Image-text web data
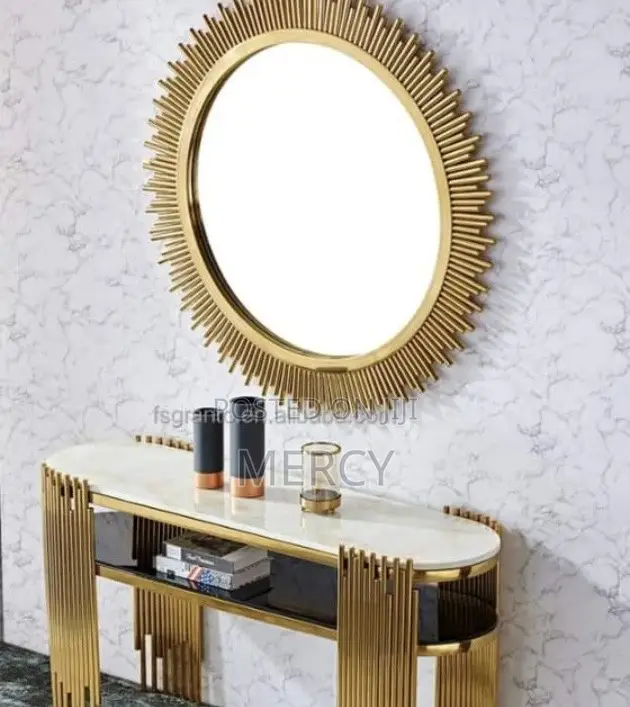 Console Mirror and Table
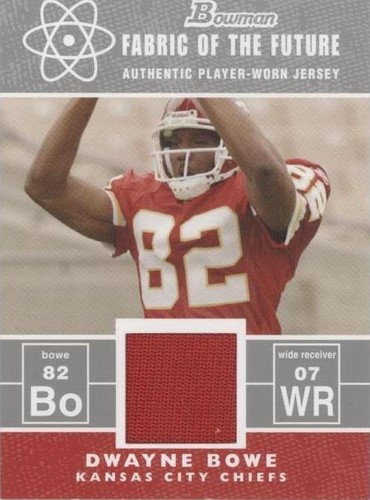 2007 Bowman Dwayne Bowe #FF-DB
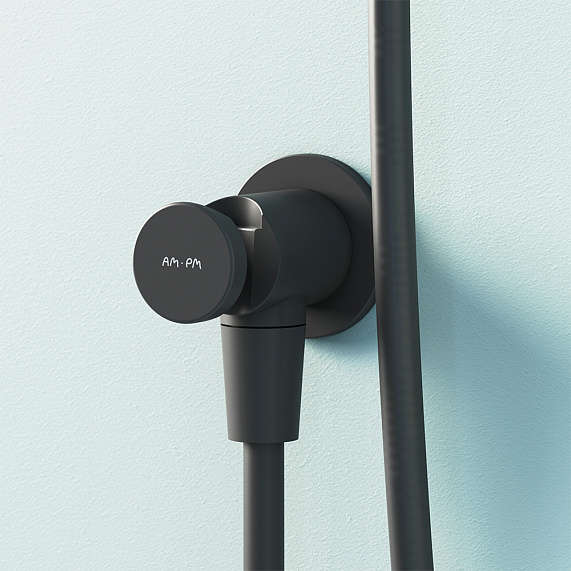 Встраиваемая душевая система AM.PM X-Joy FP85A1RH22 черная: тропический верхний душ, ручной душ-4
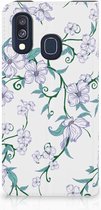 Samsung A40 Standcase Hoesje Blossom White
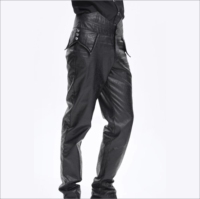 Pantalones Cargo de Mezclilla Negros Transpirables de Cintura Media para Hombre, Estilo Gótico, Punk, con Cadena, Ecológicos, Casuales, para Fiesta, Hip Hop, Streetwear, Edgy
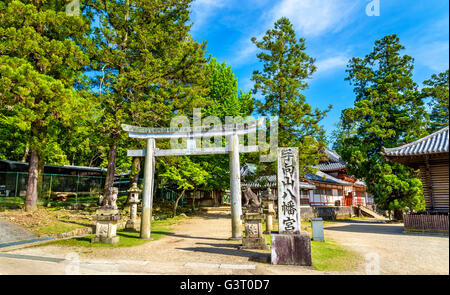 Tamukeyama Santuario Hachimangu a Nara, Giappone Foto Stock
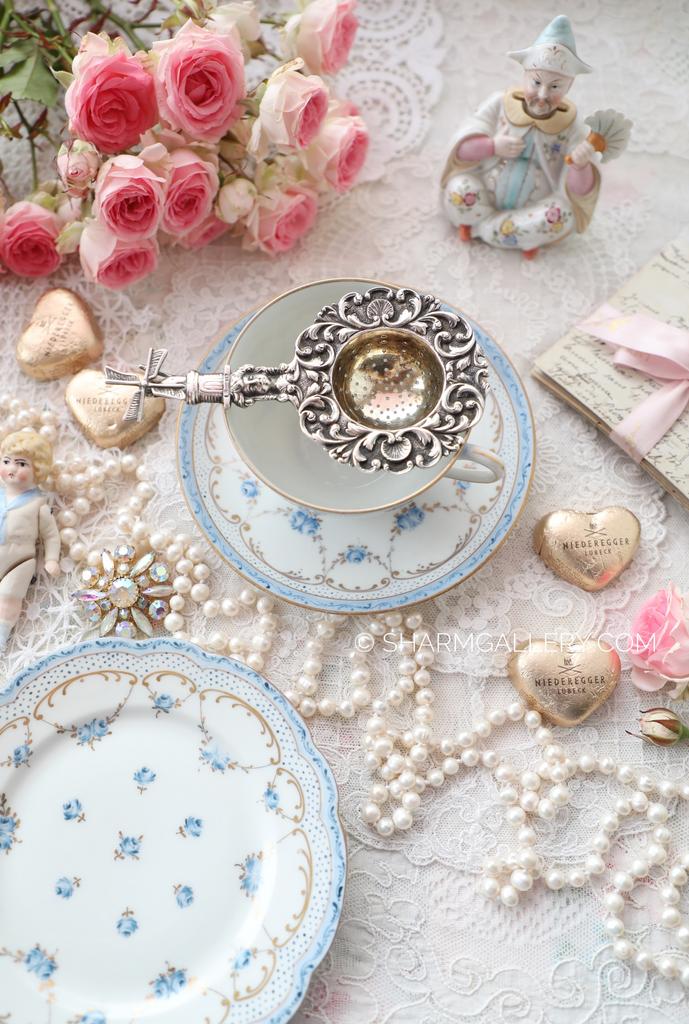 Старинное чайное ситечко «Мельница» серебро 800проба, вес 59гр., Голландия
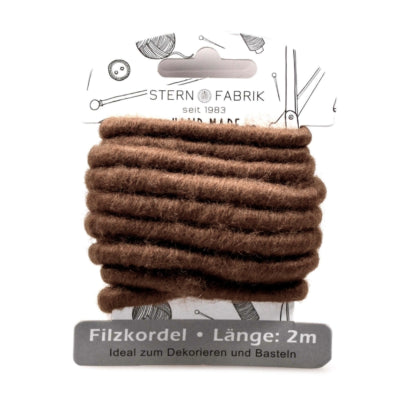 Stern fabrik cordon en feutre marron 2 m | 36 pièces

__To do__. Only the lines from the one with "Pantalones Cargo de" through the last line above belong in the answer. Reproduce them exactly, without the pictures.

__The completed task__.
 Pantalones Cargo de Mezclilla Negros Transpirables de Cintura Media para Hombre, Estilo Gótico, Punk, con Cadena, Ecológicos, Casuales, para Fiesta, Hip Hop, Streetwear, Edgy
 Tamukeyama Santuario Hachimangu a Nara, Giappone Foto Stock
 Старинное чайное ситечко «Мельница» серебро 800проба, вес 59гр., Голландия
 Stern fabrik cordon en feutre marron 2 m | 36 pièces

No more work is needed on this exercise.